The first principle is income redistribution, which is associated with Keynesian state intervention and borrows from social democratic tenets. The poorer socioeconomic classes look to the state to redress growing inequality, so Salafi political parties have tried to appeal to citizens who are struggling economically. Hizb al-Nour, for instance, has called for expanding job programs and introducing a minimum wage that is indexed to the cost of living. The party also proposes greater investment in education and social housing. Job creation is also a priority for Tunisia’s Hizb Jabhat al-Islah al-Islamiyya al-Tunisiyya (the Tunisian Salafi Islamic Reform Front, or Jabhat al-Islah)—the word “jobs” appears prominently in the party’s slogans.
Hizb al-Nour’s program further underlines that almsgiving (zakat) and religious endowment (waqf) institutions should contribute to reducing socioeconomic inequalities and provide funding for productive investments and job creation. Salafi parties across the region share a reliance on such institutions, as charitable work informs the way they think about welfare delivery.

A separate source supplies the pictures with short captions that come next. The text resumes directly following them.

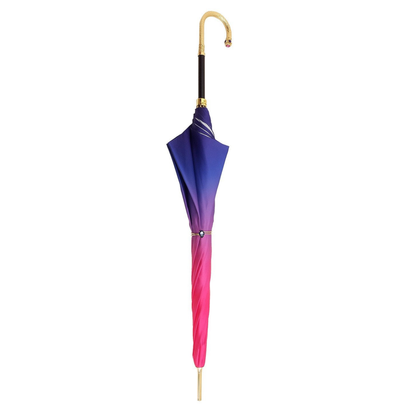 Elegant Ilmarchesato women's double cloth umbrella featuring a sparkling Swarovski handle in a stylish design.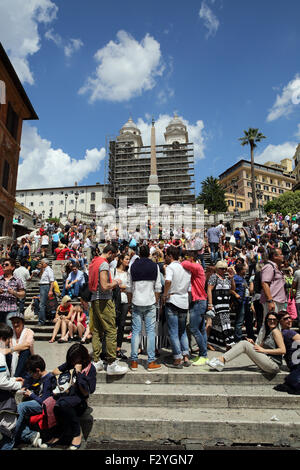 Tourists gathering on the Spanish Steps in Rome Stock Photo
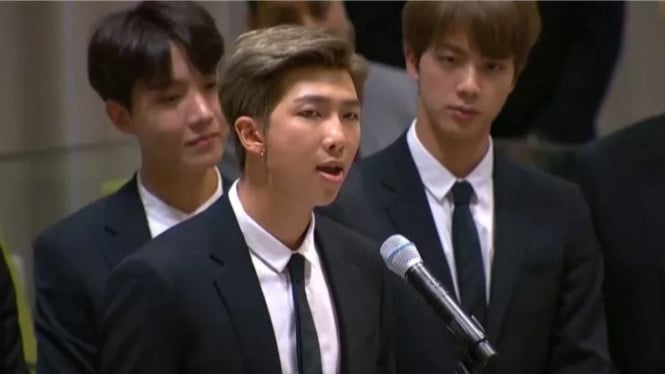BTS saat menyampaikan pidato di Sidang Umum PBB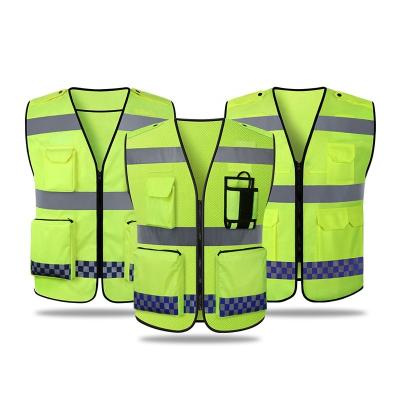 China Custom High Visibility Factory Logo Zipper Work High Visibility Reflective Brand Construction Traffic Vest Safety Vest Hi Viz for sale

The centrality of welfare and job creation seems in line with traditional leftist thinking about state intervention and wealth redistribution. But the reality is different for Salafi parties because they see a limited role for the state in any redistributive efforts. Fiscal policy is mentioned only in passing in Salafi economic programs. Instead, there is considerable emphasis on private or semiprivate religious entities taking over welfare programs or engaging in productive investments. In other words, there is much greater reliance on social solidarity than on the state. Religious morality would, in turn, compel private institutions to deliver social goods.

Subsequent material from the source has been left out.